Latest update April 18th, 2024 12:59 AM
Aug 12, 2016 Editorial
The 2016 mid-year economic report has indicated that there has been no recorded growth in the major sectors of the economy, except for mining and quarrying. According to the report, the economy grew by two percent in the first six months of the year due to the decline of sugar by 30 percent, rice by 26 percent, manufacturing by 14 percent and forestry by 13 percent.
Overall, agriculture, which is a major foreign currency earner, fell by 12 percent. The significant growth in gold could offset the decline in the major sectors, but it is too early to tell. The contraction of the economy is disconcerting and could spell trouble for a country that spends more than it earns and imports more than it exports.
With the slowdown in the economy, the government would be advised to establish a Council of Economic Advisers, with diverse views and different perspectives on how to stimulate growth. The Council, if properly conceptualized and allowed to function freely, could create significant initiatives.
Every initiative the authorities have tried in the past year to boost the economy has sputtered and the dial has moved in a negative direction. Sound policies are needed for the growth rate to reach four percent by the end of the year as forecast.
The belief that grandiose projects could do so is wishful thinking. It did not happen in the past and is unlikely to occur now. The economy has been limping at an anemic two to three percent growth in the past year and very little was done for it to recover. Part of the answer lies in an inadequate workforce, and the fact that the economy has been starved of capital while the government tries to woo foreign investors with little if any success.

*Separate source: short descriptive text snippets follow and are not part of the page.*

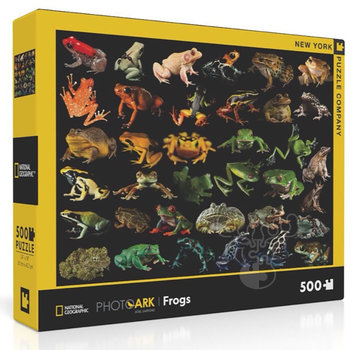 New York Puzzle Company New York Puzzle Co. National Geographic: Photo Ark Frogs Puzzle 500pcs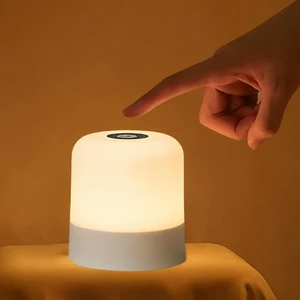 Portable Touch LED Night Light - 2400mAh Rechargeable Ambient Lamp, 3 Color Temperatures, Stepless Dimmable, Minimalist Egg Shape Portable Touch LED Night Light - 2400mAh Rechargeable Ambient Lamp, 3 Color Temperatures, Stepless Dimmable, Minimalist Egg Shape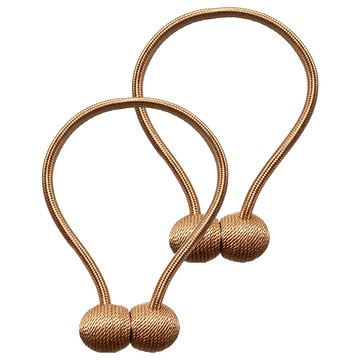 寢室安居 簡約窗簾磁鐵扣 香檳色  2個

Small businesses are the backbone of the economy, and if neglected and strung up by mindless regulations and lack of capital, they cannot contribute to growth. Without robust growth in small enterprises the economy cannot take off. This is basic economic sense. It seems that the authorities are aware of this, but except for speeches, they have not done much to tangibly support small businesses. GO-Invest has always seemed to be an entity without initiatives of how to grow the economy. And while the Ministries of Finance and Business are scrambling to find solutions, the economy is fading fast.
Unemployment could well be at an all-time high, as thousands of youths and others eligible to work are not meaningfully occupied, and many who are employed are in low-paying jobs and cannot by any means make ends meet. These are worrying trends and the challenges facing the current administration may well be too difficult to overcome unless proper advice is sought.
In the last year, sales and revenue have fallen and with the onset of the Brexit impact in addition to no emergency monetary policy in place to stimulate economic growth, the country will find it difficult to stave off whatever may be breathing down its neck.
So far, there have been no announced plans to grow the economy, create jobs and reduce food imports. And there are no economic czars to help the government solve the fiscal woes of the country. Printing more money will not be a solution; that will fuel inflation.
We believe that there are many willing and capable Guyanese here, and in the diaspora, who can be called upon to be part of the aforementioned Economic Council. The fact that there has been reticence, and in some cases obstinacy by some in authority, to seek quality assistance to help solve the country’s problems, is min-boggling. That mid-year economic report should change those attitudes.